[Opening Source data section]
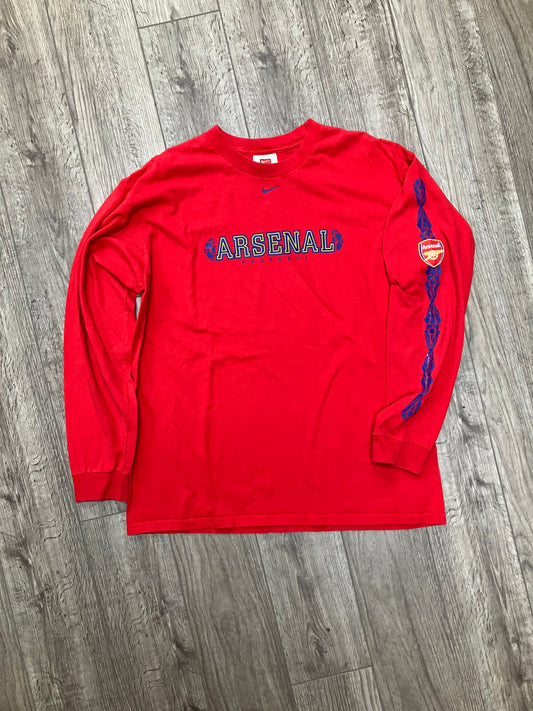 Nike Arsenal Longsleeve Sz L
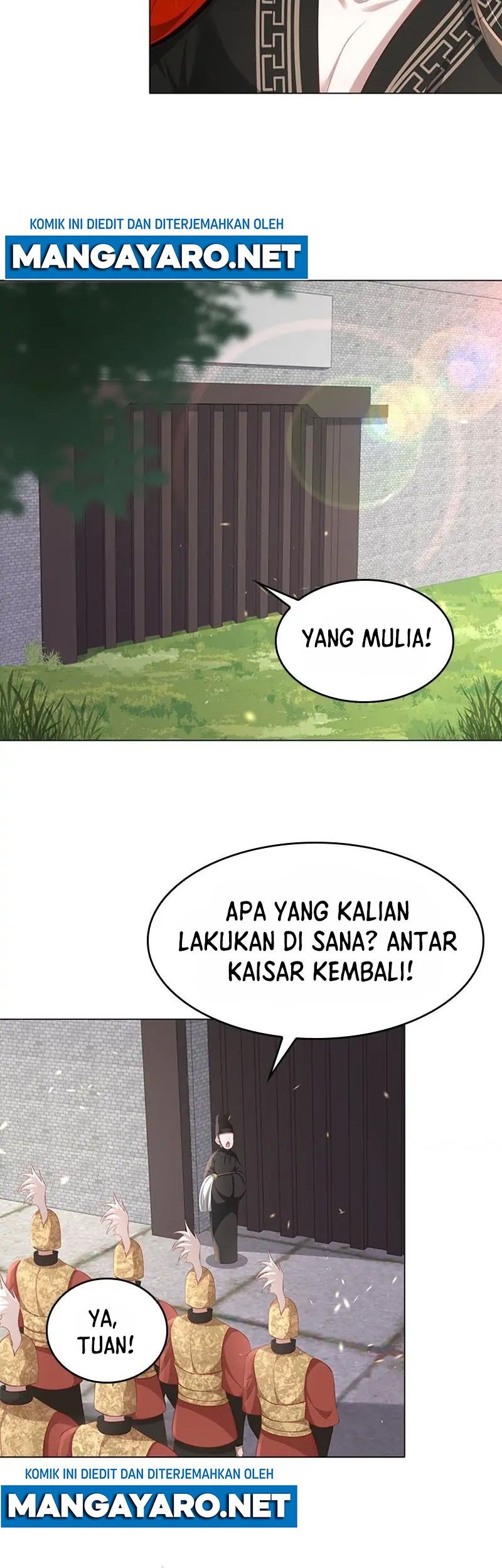 Surviving as a Tyrant’s Daughter Chapter 05 Gambar 20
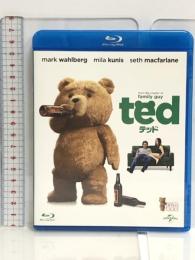 テッド [Blu-ray] Nbcユニバーサル エンターテイメント マーク・ウォールバーグ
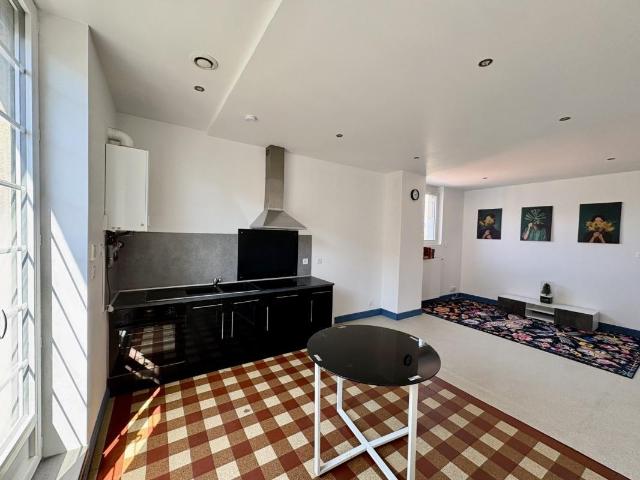 Appartement 2 pièces 45 m²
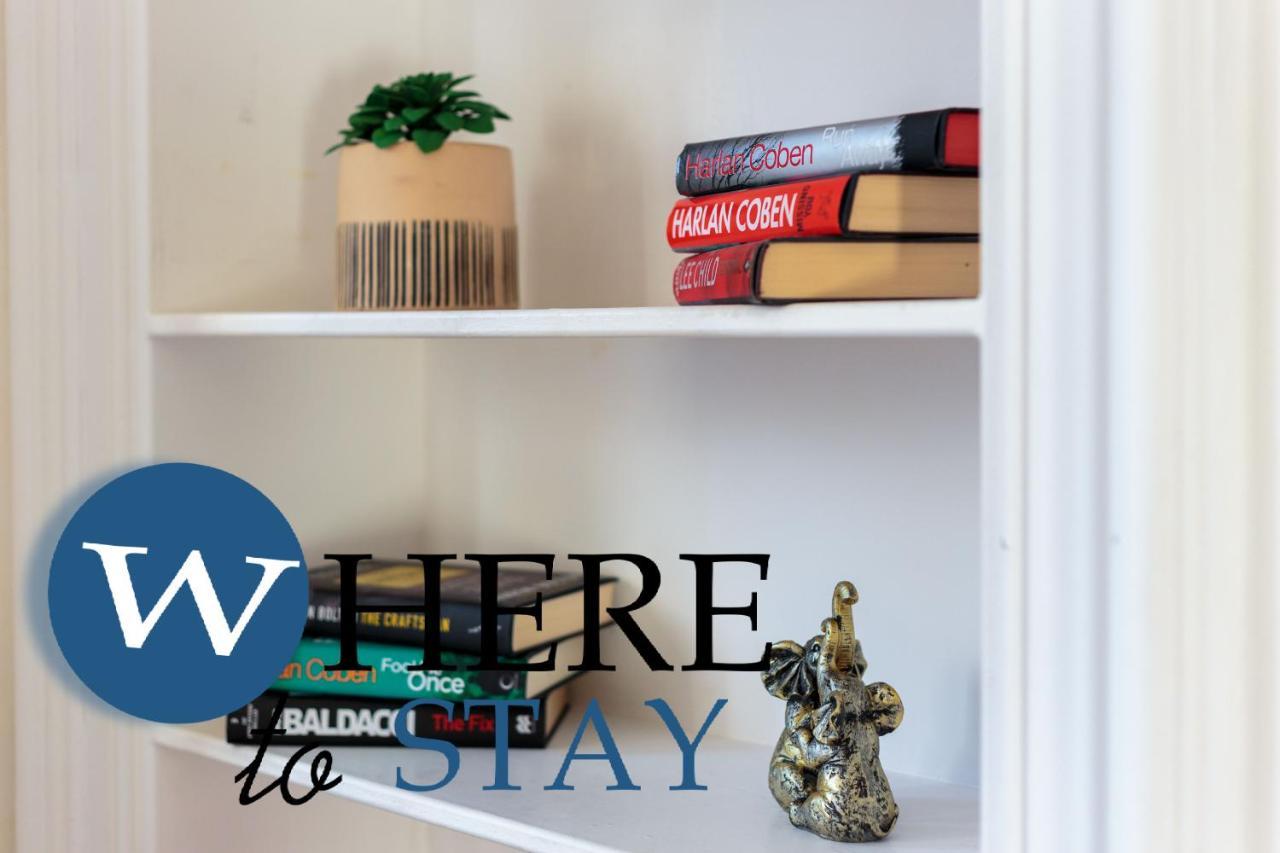 Beautiful 3Bed Pitt St Apartment Эдинбург Экстерьер фото
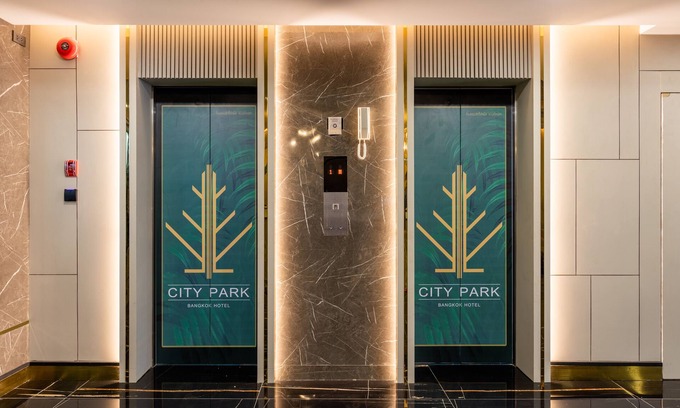 Thanon Phaya Thai Hotel | City Park Hotel Bangkok Pratunam by PCL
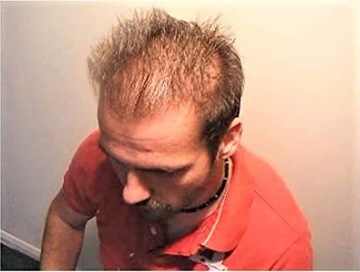 Mane 200 мл — спрей-загуститель из микрофибры, вкл.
[Closing Source data section]
In the copy, include no pictures; everything else in the material should be written out exactly.

» **Expected answer**:
 Nike Arsenal Longsleeve Sz L
 Surviving as a Tyrant’s Daughter Chapter 05 Gambar 20
 テッド [Blu-ray] Nbcユニバーサル エンターテイメント マーク・ウォールバーグ
 Appartement 2 pièces 45 m²
 Beautiful 3Bed Pitt St Apartment Эдинбург Экстерьер фото
 Thanon Phaya Thai Hotel | City Park Hotel Bangkok Pratunam by PCL
 Mane 200 мл — спрей-загуститель из микрофибры, вкл.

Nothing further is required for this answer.